The conception of Jesus in a virgin's womb is an act of new creation that anticipates the new creation of which Jesus makes all who repent for sin and entrust their lives to Him become a part: "So if anyone is in Christ, there is a new creation: everything old has passed away; see, everything has become new!" (2 Corinthians 5:17)

The world has always objected that Jesus' virgin birth is impossible. My grandfather used to tell me when we weren't around the rest of the family that the Biblical teaching about Jesus' birth was a cover-up. "You know," he would say, "Joseph just got lonely out there in the desert. Things happened."

Cynics like my grandfather overlook that the creator of the universe specializes in the impossible.

Today, some of the virgin-birth skeptics reside in Christ's Church.
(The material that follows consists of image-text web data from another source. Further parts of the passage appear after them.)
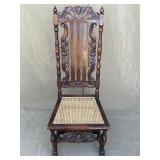 Vintage Spanish style hand carved wood chair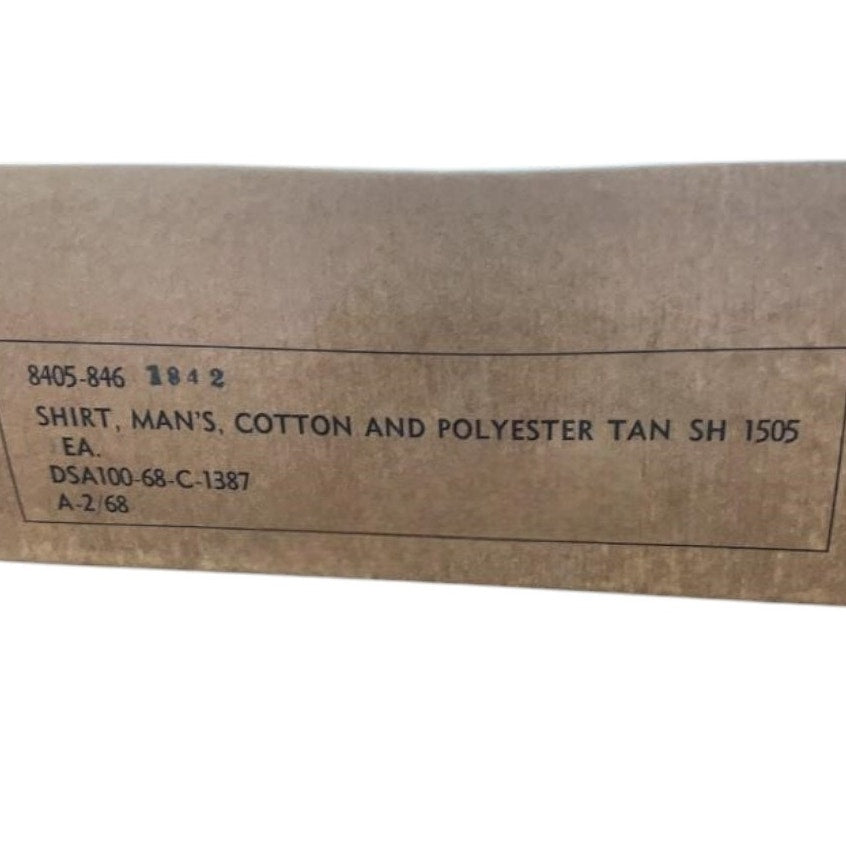 U.S.A.F, Vietnam, 1968, S/S Shirt, Tan Shade 1505, Size 15, Cotton/Poly, NIP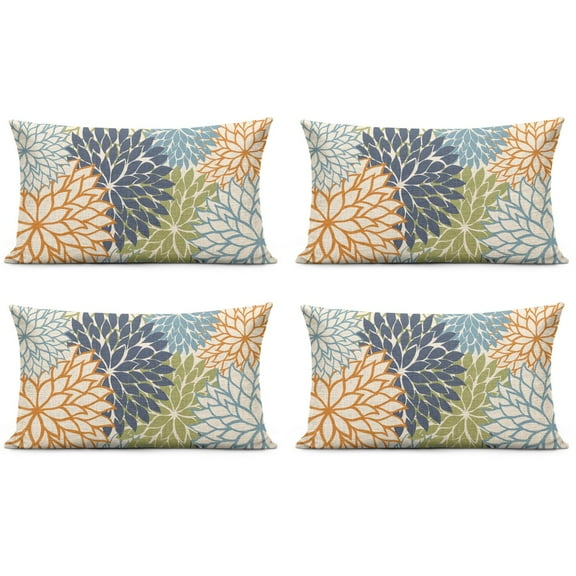Set Of 4 Art Modern Classic Floral Pillow Covers 12x20 Inch Linen Decorative Square Throw Pillow Covers for Home Sofa Bedroom Outdoor Indoor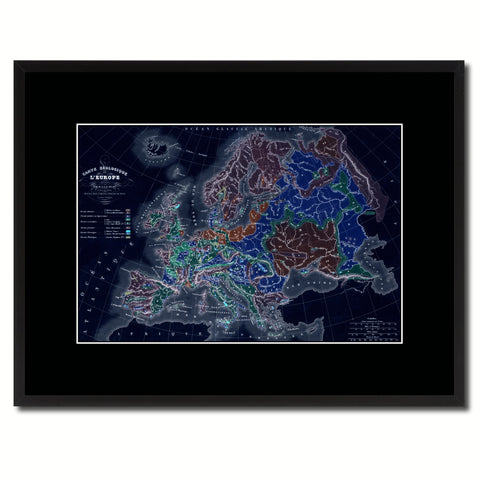 Europe Geological Vintage Vivid Color Map Canvas Print, Picture Frame Home Decor Wall Art Office Decoration Gift Ideas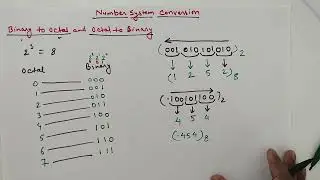 Binary to Octal and Octal to Binary conversion | Number system conversion | Digital Electronics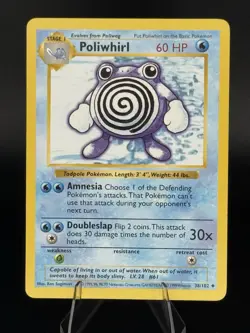 Pokemon TCG Poliwhirl Base Set, Shadowless Uncommon Card 38/102 - Image 1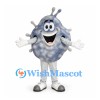 Germ Mascot Costume in Gray Blue with Rounded Spikes
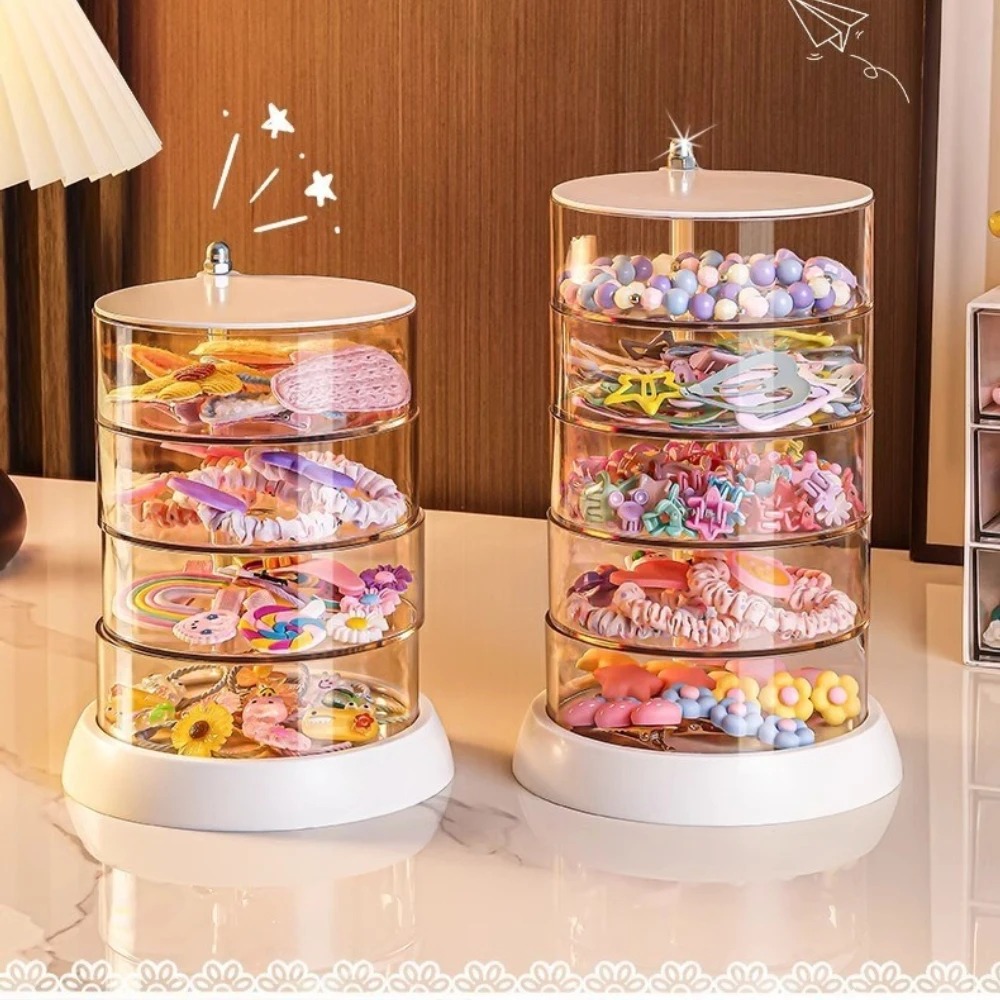 Desk Organizer - Kotak Penyimpanan Aksesoris Rambut Putar 360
For example, the web site of my own denomination has a section called, "Dig Deeper," which has, since about 2009, been shorn of content. An "explanation" states:
The pages in this section have been removed while they undergo a comprehensive review to improve their usefulness as a resource for study and discussion with others.
But it's difficult not to suspect that this long period of review was precipitated by the outrage that some Lutherans felt when the official denominational web site equivocated on a basic teaching of Christian faith. Someone has restored the pages and in the section on the virgin birth, here's some of what we read:
When we confess in the Apostles’ Creed that Jesus was "conceived by the power of the Holy Spirt and born of the virgin Mary ...," and in the Nicene Creed that Jesus is "the only Son of God, eternally begotten of the Father ..." we are not making a gynecological assertion. We are saying that God entered into Christ and, in him, is fully revealed to humankind. This is God’s graceful act of reconciliation with creation and humankind’s redemption.
What ELCA Lutherans believe in common is that Jesus was
  • born "by the power of the Holy Spirit"
  • declared God’s "beloved son"
  • sent to the world to redeem God’s creation
and that born of a woman, he
  • died at the hands of death’s powers
  • overcame and defeated death
  • reigns as Lord over all — together with the Father and the Holy Spirit, one God, forever
By omitting any firm assertion of what has been deemed a central teaching about Jesus for two-thousand years, the web site apparently sought to make the scandalous message about Jesus being born of a virgin more acceptable to cynics whose numbers have increased since the days when my grandfather whispered his "truth" to me knowingly.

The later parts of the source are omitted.